The coercive force distribution of Co-coated acicular magnetic iron oxide particles has a tendency of enlarging with the increase of the Co content, resulting in the deterioration in the erasing characteristic. That is, there is a reverse correlation between the improvement of the coercive force distribution and the improvement of the coercive force.
Accordingly, it is a technical problem of the present invention to improve the erasing characteristic while maintaining the coercive force of Co-coated acicular magnetic iron oxide particles.

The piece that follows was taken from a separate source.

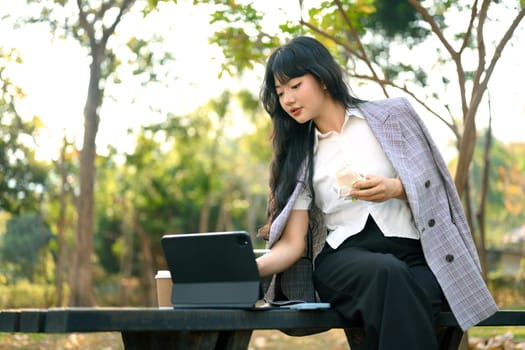 Young stylish woman eating sandwich and using digital tablet on park bench.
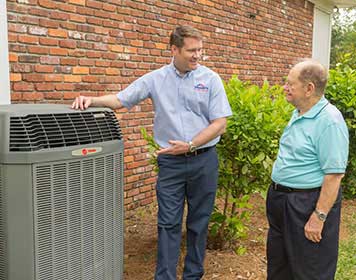 hvac-technician-talking-with-homeowner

As a result of the present inventors' ernest study, it has been found that in a process for producing acicular magnetic iron oxide particles comprising heat-treating at 50.degree. to 100.degree. C., an alkaline suspension solution which is obtained by mixing an aqueous dispersion of acicular magnetic iron oxide particles, an aqueous solution of a Co salt and an alkaline aqueous solution or by mixing an aqueous dispersion of acicular magnetic iron oxide particles, an aqueous solution of a Co salt, an aqueous solution of an Fe(II) salt and an alkaline aqueous solution so as to coat (modify) the acicular magnetic iron oxide particles with Co or Co and Fe(II), by adding an Sr salt and/or a Ba salt to one selected from the group consisting of the aqueous dispersion of acicular magnetic iron oxide particles, the aqueous solution of a Co salt, the aqueous solution of an Fe(II) salt, the alkaline aqueous solution and the alkaline suspension solution before heat-treatment, and adding at least one selected from the group consisting of Si compound, Al compound, Zn compound and Mg compound to one selected from the group consisting of the aqueous dispersion of acicular magnetic iron oxide particles, the aqueous solution of a Co salt, the aqueous solution of an Fe(II) salt, the alkaline aqueous solution, the alkaline suspension solution before heat-treatment and the alkaline suspension solution during heat-treatment, the said technical problems have been solved. The present invention has been attained on the basis of this finding.